• **Work order**:
Once you find the line with "Snoop Dogg dona" in the listing below, please repeat it and every later line exactly, through the last one, without pictures.

• **Data provided**:
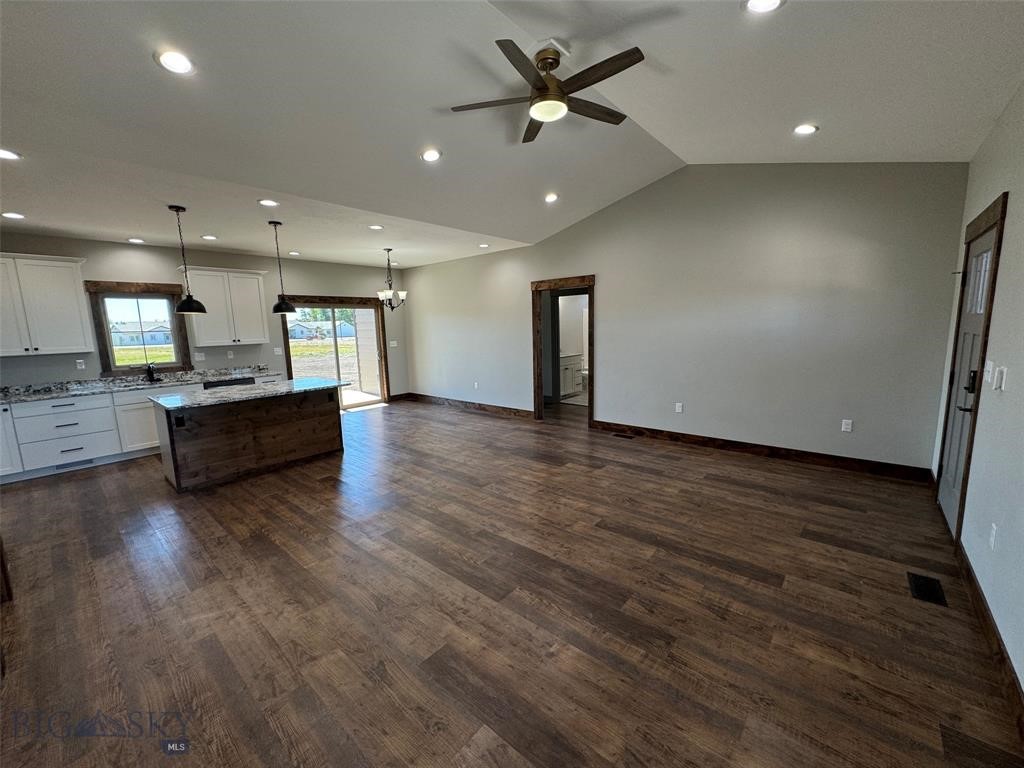 1012 Sagebrush Lane Property Photo 6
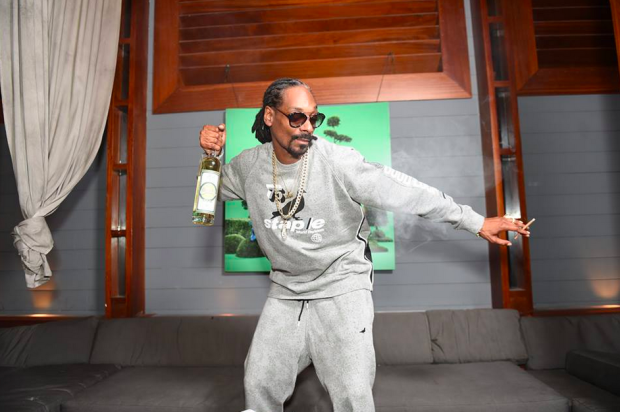 Snoop Dogg dona 10 miloni di dollari a un’app che spedisce erba a domicilio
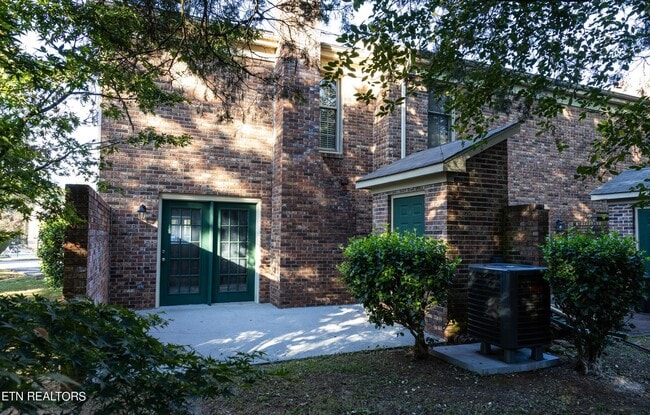 Building Photo - 135 Durwood Rd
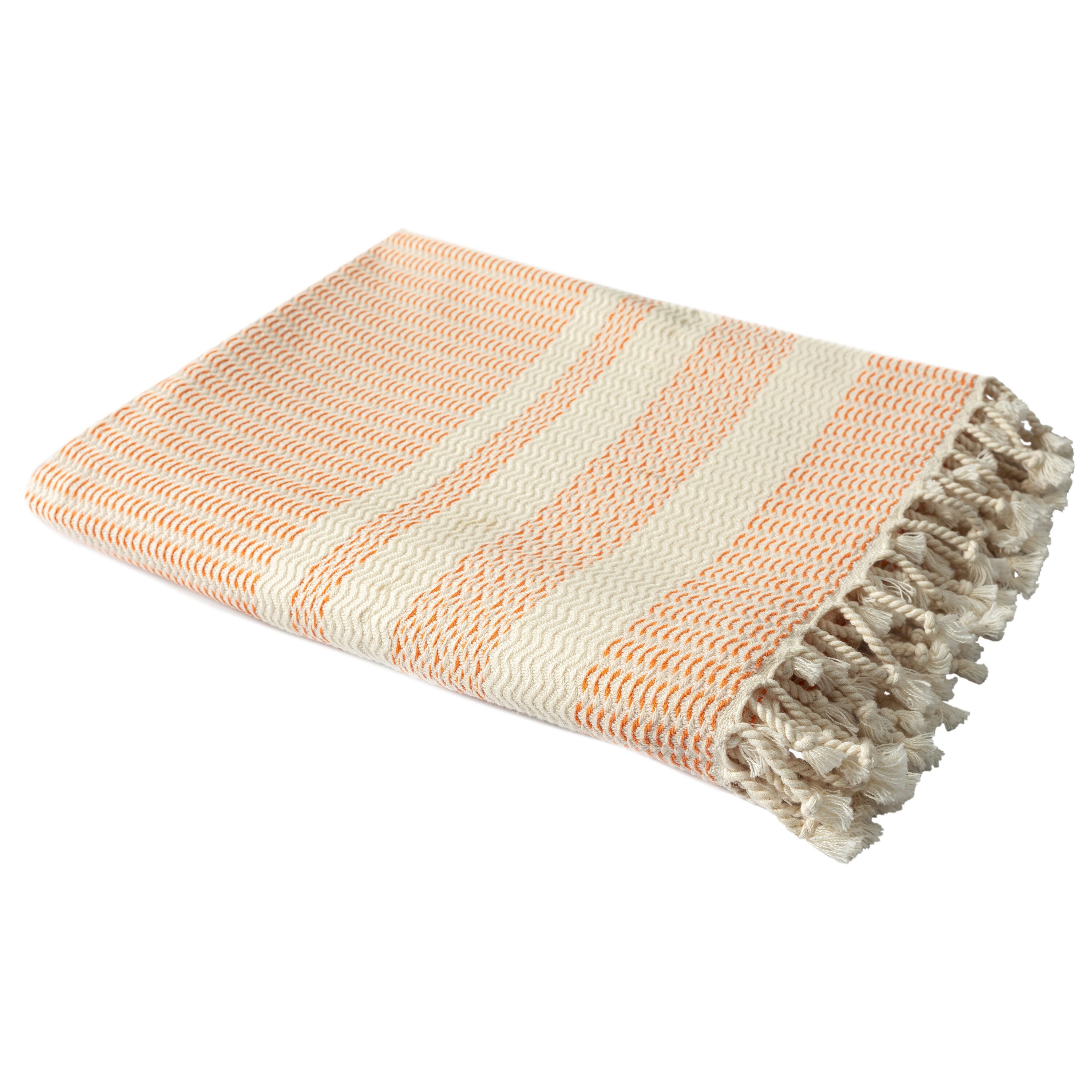 LR Home 0807A6184934J8 Orange 50-in x 60-in Cotton Throw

• **Task result**:
 Snoop Dogg dona 10 miloni di dollari a un’app che spedisce erba a domicilio
 Building Photo - 135 Durwood Rd
 LR Home 0807A6184934J8 Orange 50-in x 60-in Cotton Throw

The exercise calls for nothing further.